You can also see the DDRB plans for the Independent Life Building and Central Fire Station here:
https://dia.coj.net/Meetings/Upcoming-Meetings/DDRB/DDRB-Meeting-December-2020
Maybe I don't understand, but the DDRB packet says it recommends rejection of the hotel project unless they seek a deviation because of their surface lot? I assume this means either the design will be tweaked to conform further to the downtown zoning layout banning visible surface lots or they'll work with them to get them a deviation granted?
Basically, the building frotange doesn't wrap around enough of the surface parking lot.

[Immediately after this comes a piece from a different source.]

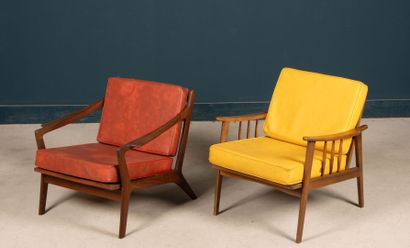 Deux fauteuils en teck 
Design scandinave...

Frankly, I think the recommendation is absurd. The building fully abuts Park Street.. which is your main artery. There is an outdoor seating amenity proposed along Roselle, to complement the first floor ground retail space along Park Street. Although the Code is insufficient because it doesn't identify what should be pedestrian-oriented/retail arteries and what should be considered service arteries (if it did, Roselle would be a service artery)... Park Street is where you should most care about how the building interacts on a pedestrian scale. Quibble if you want about requiring an overhang/awning at both the Park Street hotel entrance and restaurant entrance.. that's fine, requiring that doesn't even move a decimal point in the project's construction budget. On the proposed site design, a surface parking lot (on what would be considered a service road) is directly across the street from a drive-thru fast food restaurant (the irony is thick in that 'deviation').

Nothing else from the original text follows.